▸ **Task**
Pictures do not belong in the copy. Return all of the entries exactly.

▸ **Entries shown**
== Segment start ==

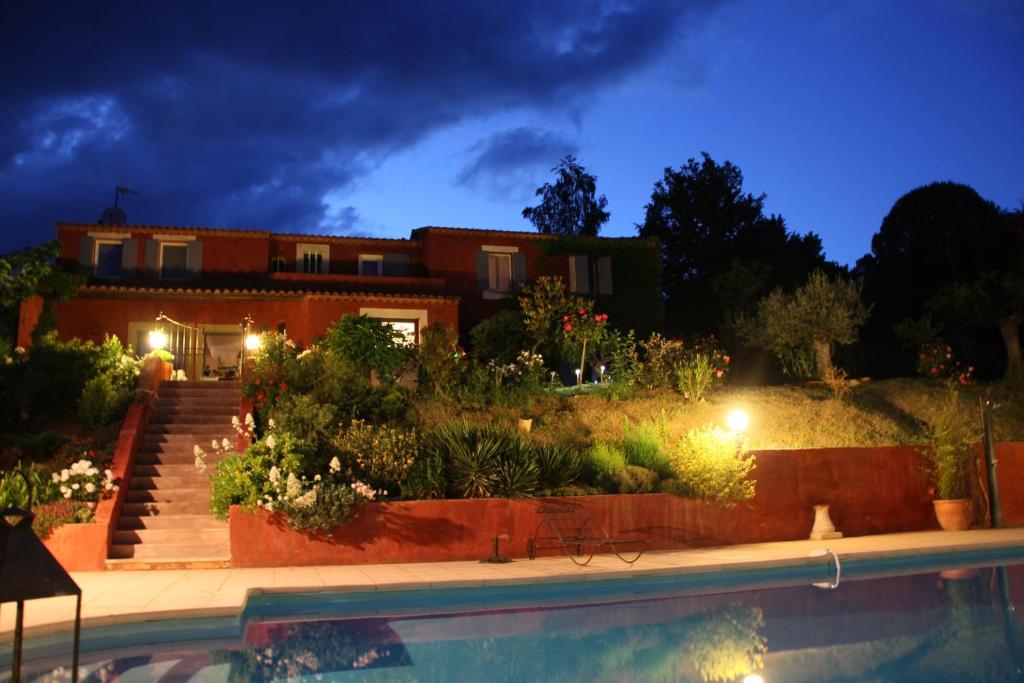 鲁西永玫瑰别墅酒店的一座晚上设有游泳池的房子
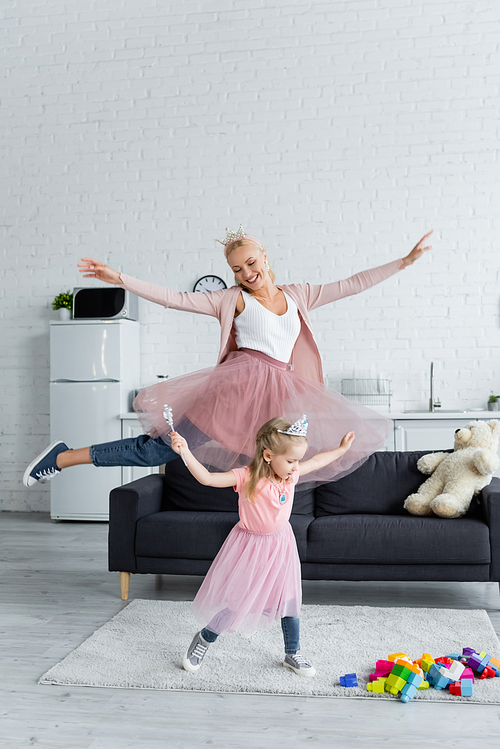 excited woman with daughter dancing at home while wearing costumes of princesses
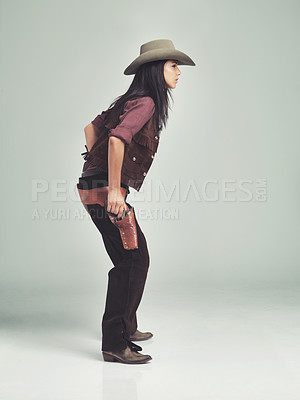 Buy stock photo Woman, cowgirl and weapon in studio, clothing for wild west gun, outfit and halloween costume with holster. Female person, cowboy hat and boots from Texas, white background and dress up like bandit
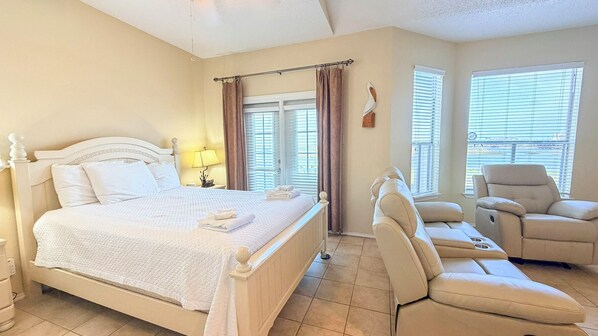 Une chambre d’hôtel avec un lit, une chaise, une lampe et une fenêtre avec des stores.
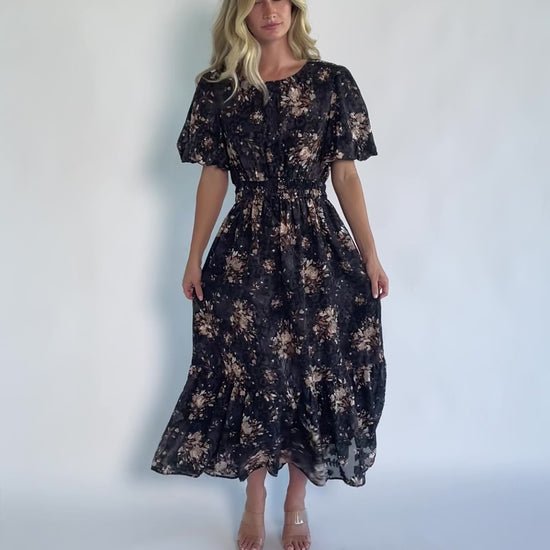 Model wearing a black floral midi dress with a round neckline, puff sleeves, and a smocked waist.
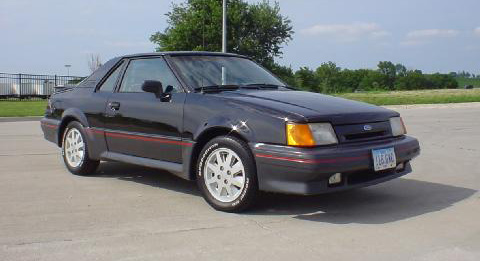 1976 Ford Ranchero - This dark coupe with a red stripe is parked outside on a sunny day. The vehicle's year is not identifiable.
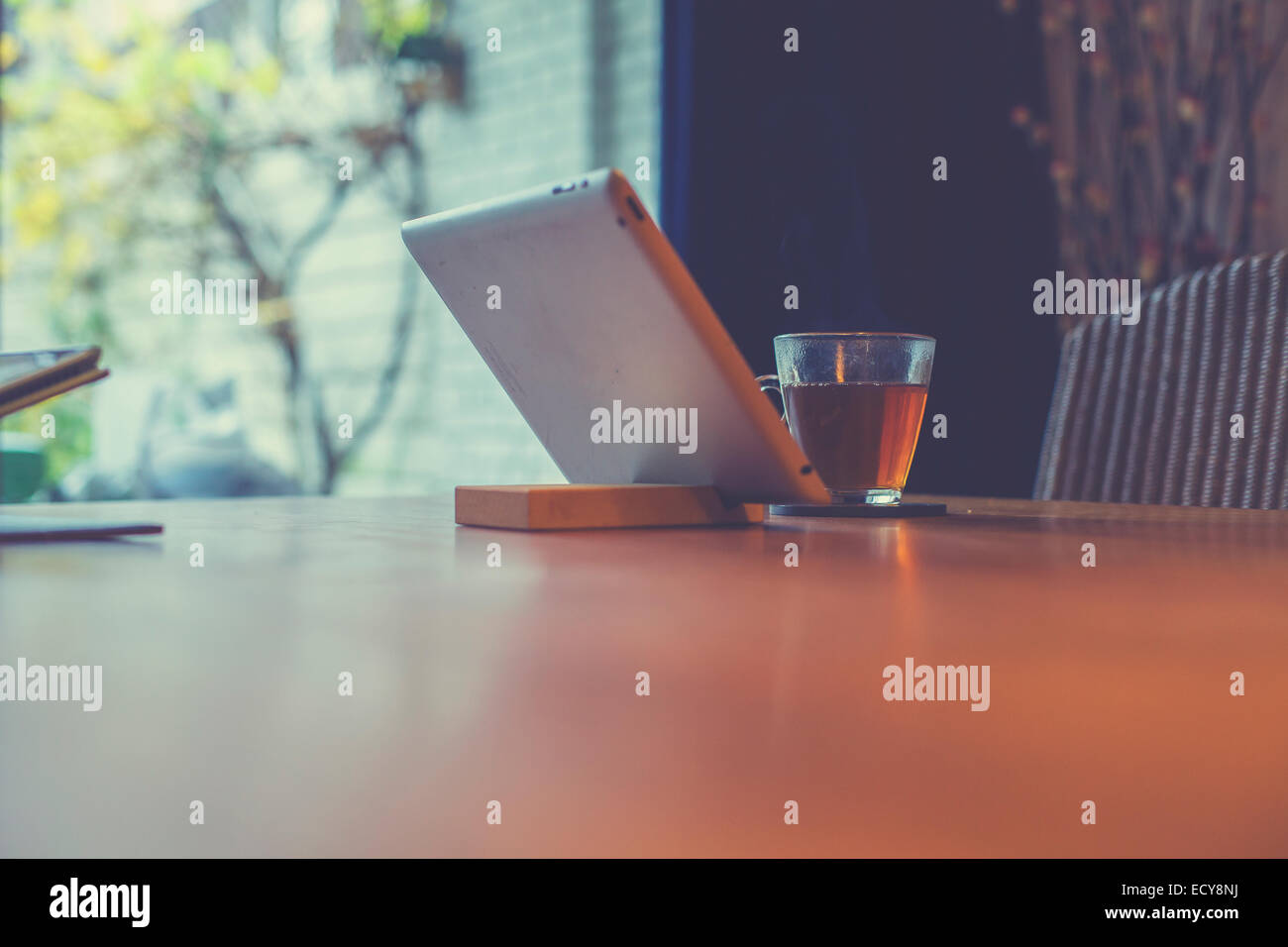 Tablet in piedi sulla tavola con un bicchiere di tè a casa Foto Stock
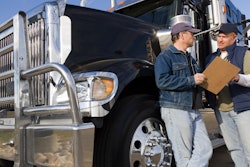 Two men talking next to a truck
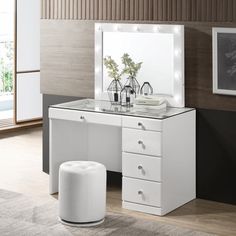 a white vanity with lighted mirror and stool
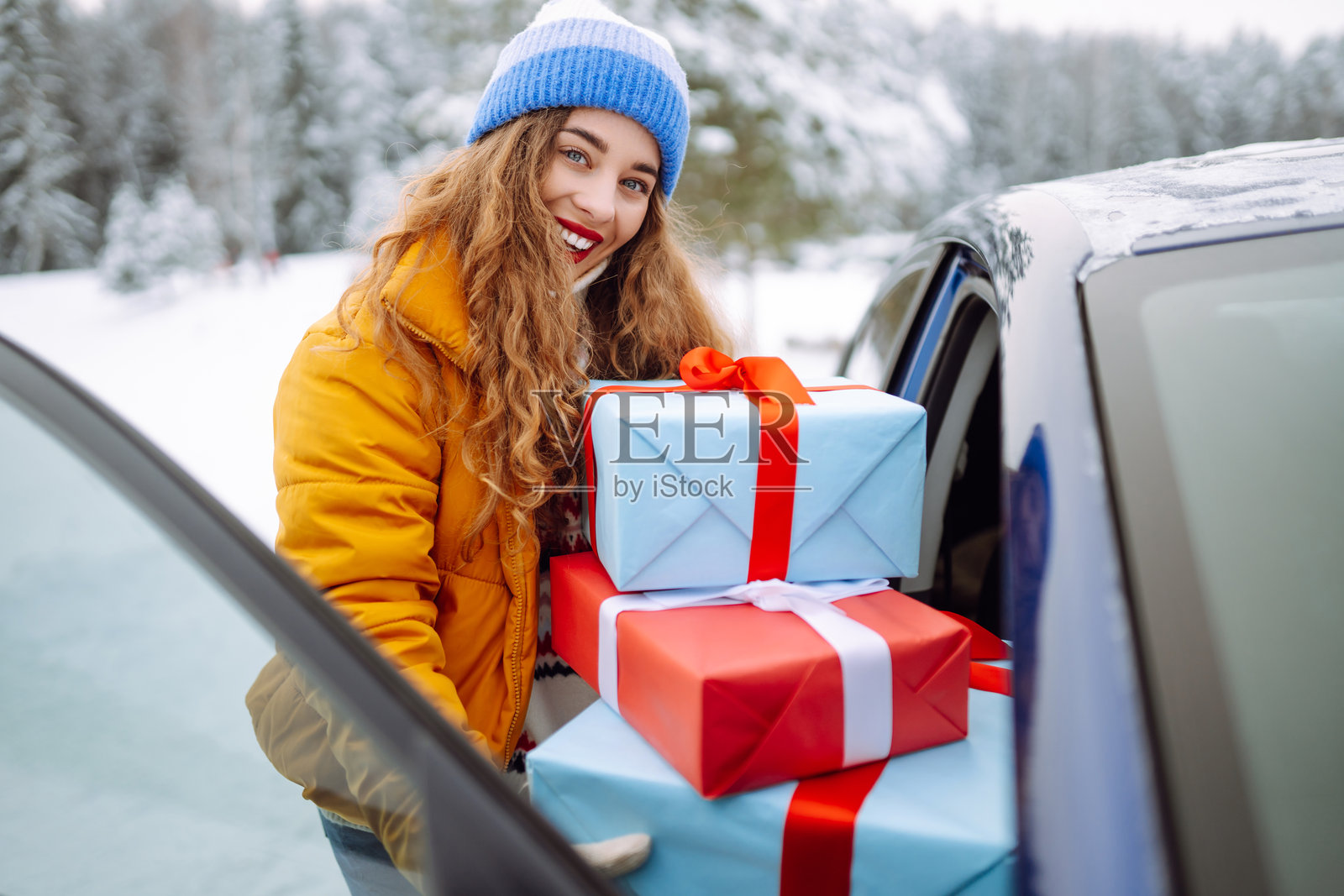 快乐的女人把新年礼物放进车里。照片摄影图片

== Segment end ==

▸ **Result**
 鲁西永玫瑰别墅酒店的一座晚上设有游泳池的房子
 excited woman with daughter dancing at home while wearing costumes of princesses
 Buy stock photo Woman, cowgirl and weapon in studio, clothing for wild west gun, outfit and halloween costume with holster. Female person, cowboy hat and boots from Texas, white background and dress up like bandit
 Une chambre d’hôtel avec un lit, une chaise, une lampe et une fenêtre avec des stores.
 Model wearing a black floral midi dress with a round neckline, puff sleeves, and a smocked waist.
 1976 Ford Ranchero - This dark coupe with a red stripe is parked outside on a sunny day. The vehicle's year is not identifiable.
 Tablet in piedi sulla tavola con un bicchiere di tè a casa Foto Stock
 Two men talking next to a truck
 a white vanity with lighted mirror and stool
 快乐的女人把新年礼物放进车里。照片摄影图片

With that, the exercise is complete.